Monday, Feb. 18, 1935
Lubitsch for Cohen
Director Ernst Lubitsch, the beady-eyed, loquacious, stocky German-Jew whose long list of successes ending with The Merry Widow have made him one of the five most famed cinema directors in the world, last week got a new job: production chief at Paramount. Never before in the history of the industry has so spectacular a director been considered sufficiently responsible to run a major studio. The appointment caused Hollywood to rattle with astonishment. Director Lubitsch caustically suggested that the shock was due to the fact that he is a picturemaker not a banker, got to work on conference with the directors whose productions he will henceforth supervise. To help him in the details of his new job that he knows least about, he will have a "general manager": Henry Herzbrun, the shrewd lawyer who has handled Paramount's studio's legal affairs for the past nine years.

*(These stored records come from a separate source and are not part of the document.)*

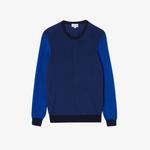 Erkek Regular Fit Uzun Kollu Bisiklet Yaka Renk Bloklu Mavi Triko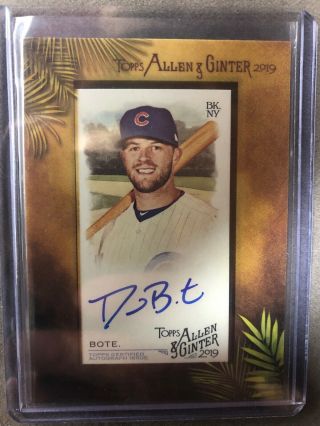 2019 Topps Allen & Ginter Framed Mini Auto David Bote Cubs Autograph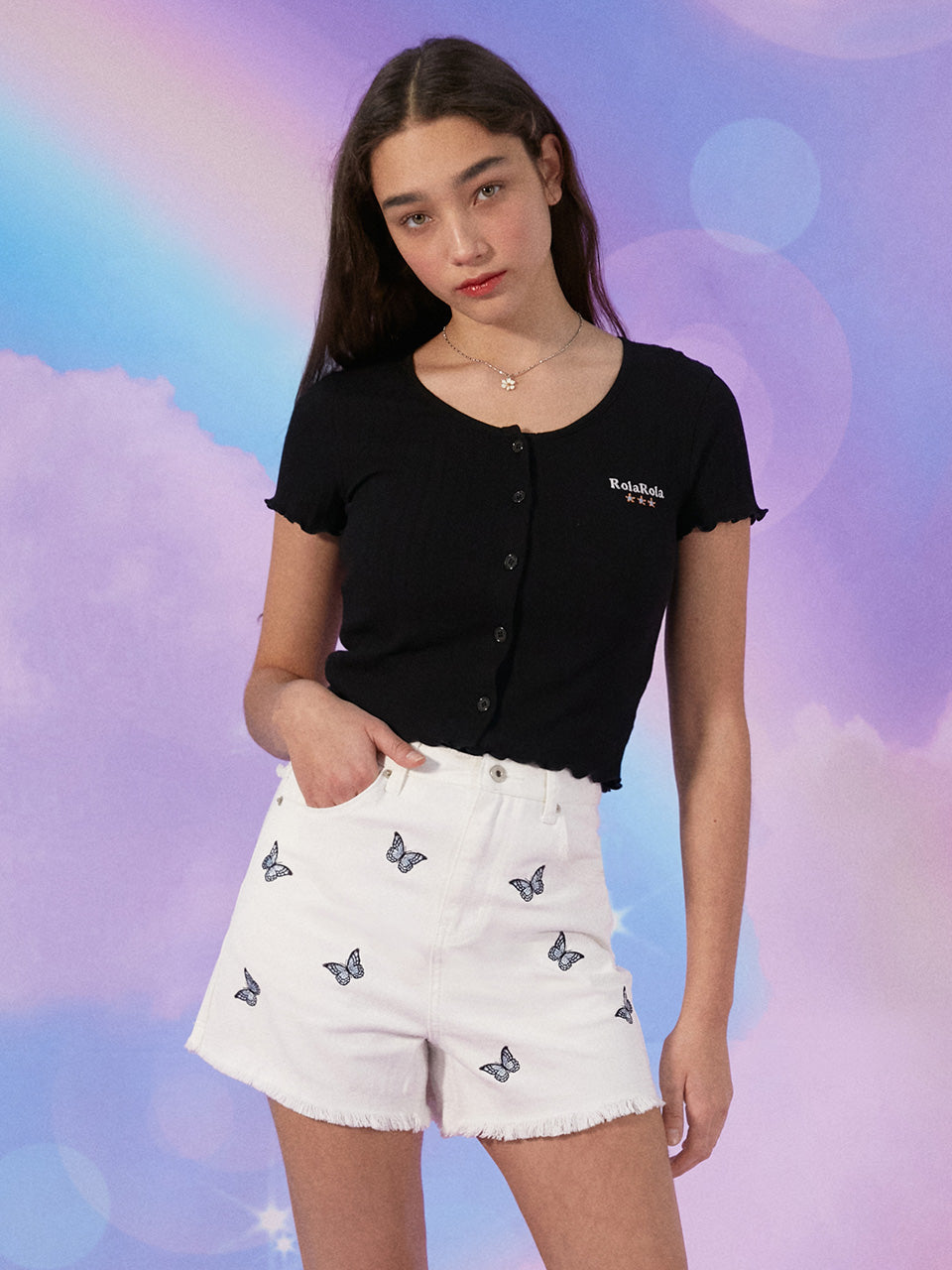 (PT-20341) BUTTERFLY DENIM SHORTS WHITE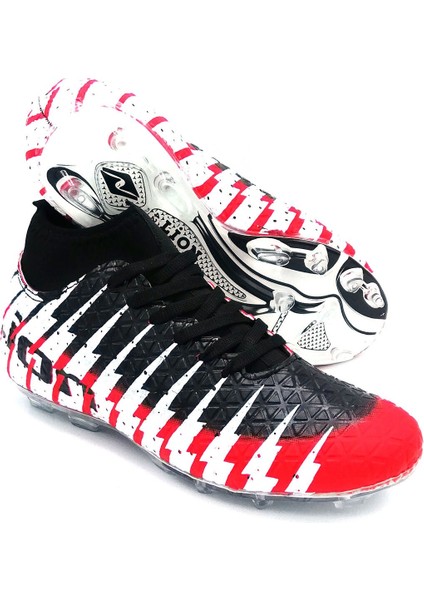 1453 Kırmızı Siyah Çoraplı Krampon Futbol Ayakkabısı modelleri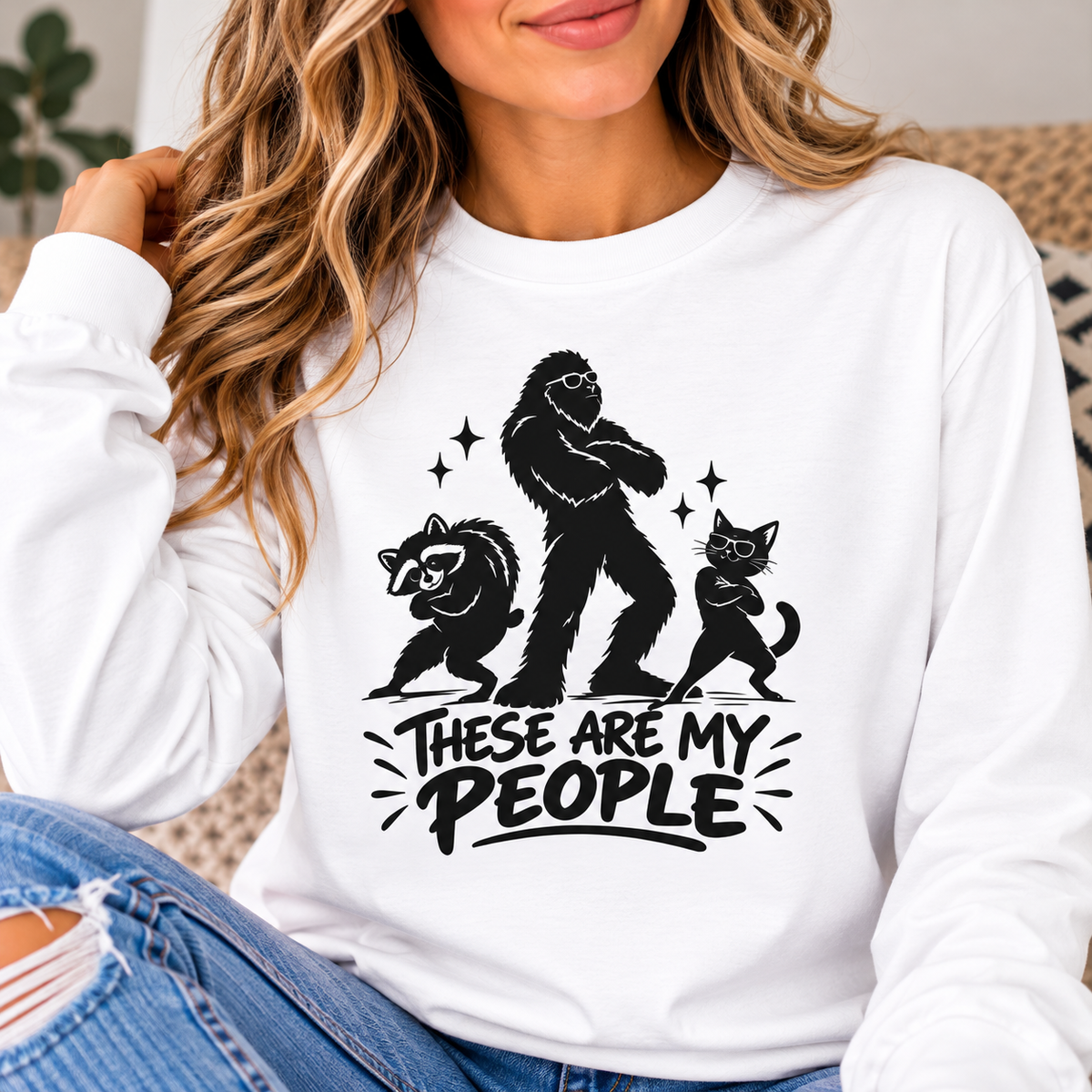 These Are My People | Bigfoot, Jimothy & Cat Long Sleeve T-Shirt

Less unusual than the appointment of Lubitsch and Herzbrun last week was its cause. All Hollywood studios are packed with politics, jealousy, miscellaneous crockeries. Paramount, now in the throes of reorganization, has its share. Early last week, Emanuel ("Manny") Cohen who succeeded Jesse Lasky as Paramount's production chief in 1932, flew to New York, entered the office of Paramount's aging president Adolph Zukor. When he emerged, Manny Cohen announced that he had been fired.